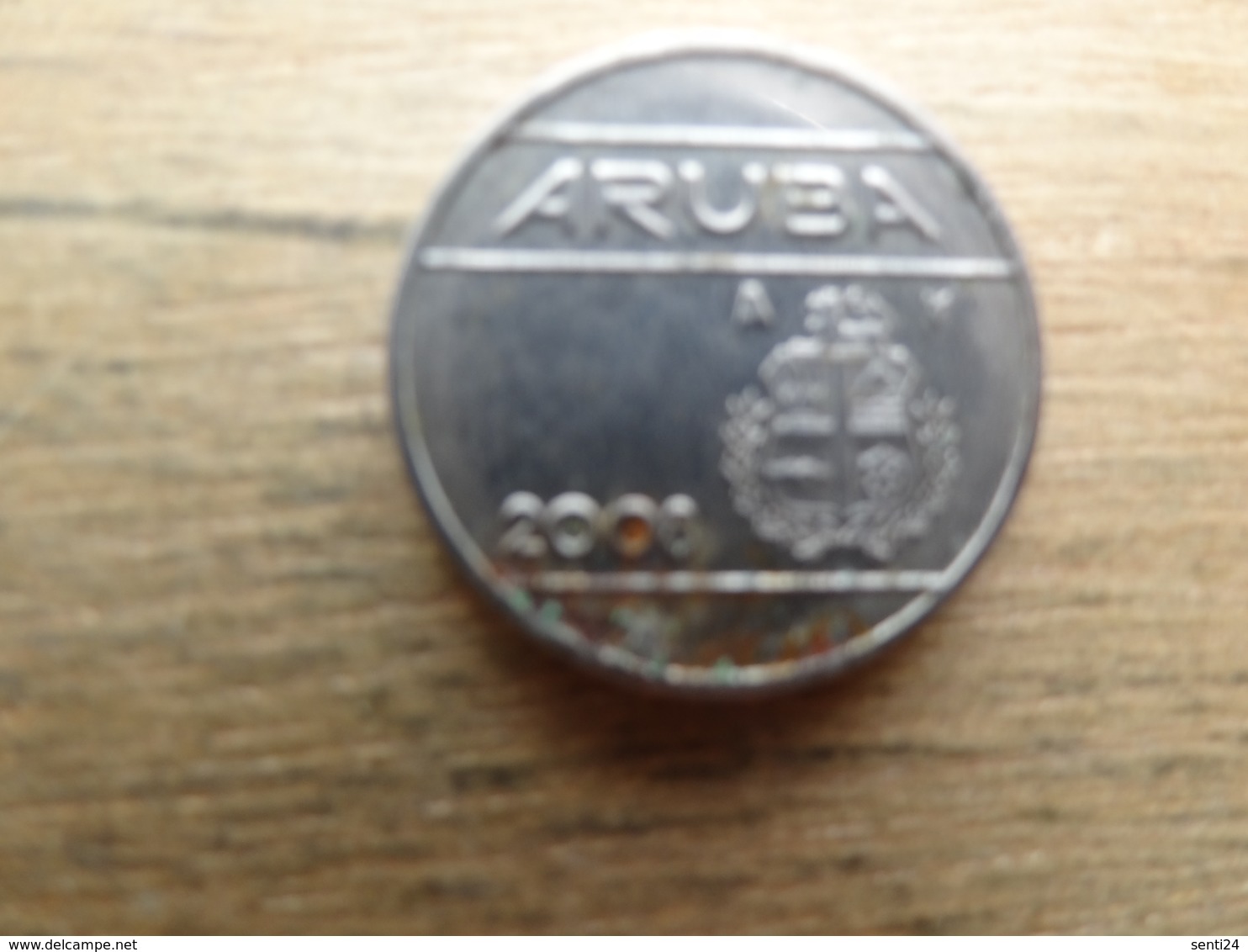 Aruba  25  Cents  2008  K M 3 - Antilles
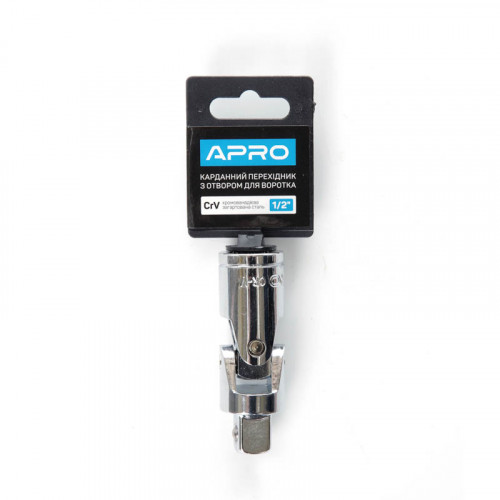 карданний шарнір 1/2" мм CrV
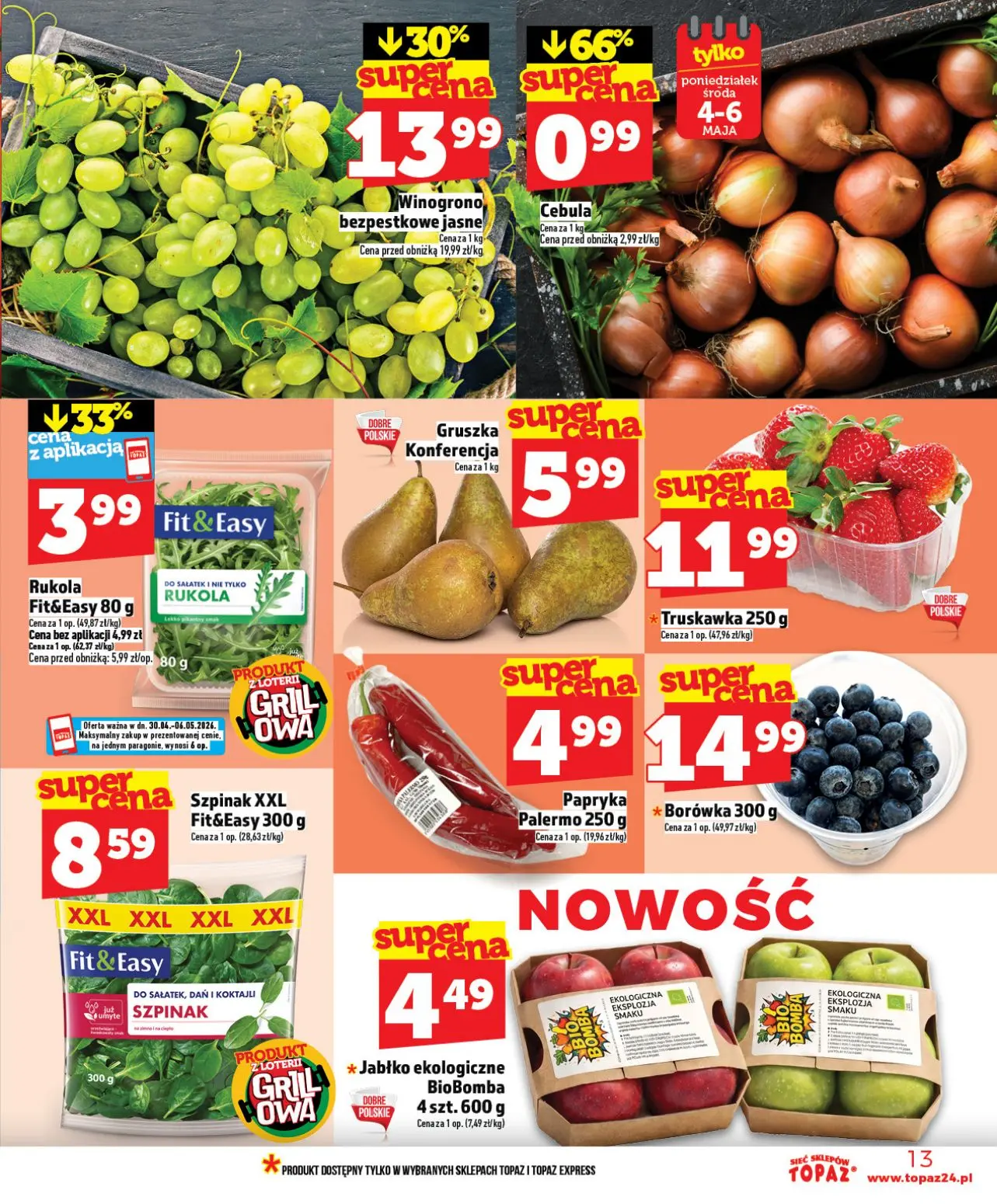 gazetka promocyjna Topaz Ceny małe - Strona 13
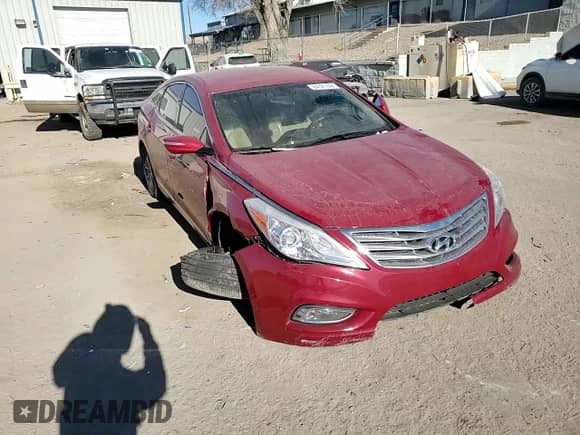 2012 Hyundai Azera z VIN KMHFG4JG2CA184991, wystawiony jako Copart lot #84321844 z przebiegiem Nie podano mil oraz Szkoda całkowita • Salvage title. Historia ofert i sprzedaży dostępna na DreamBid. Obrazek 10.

::::::::

What the exercise asks
Retype the data exactly; images stay out.

Answer box
 Aruba  25  Cents  2008  K M 3 - Antilles
 карданний шарнір 1/2" мм CrV
 gazetka promocyjna Topaz Ceny małe - Strona 13
 2012 Hyundai Azera z VIN KMHFG4JG2CA184991, wystawiony jako Copart lot #84321844 z przebiegiem Nie podano mil oraz Szkoda całkowita • Salvage title. Historia ofert i sprzedaży dostępna na DreamBid. Obrazek 10.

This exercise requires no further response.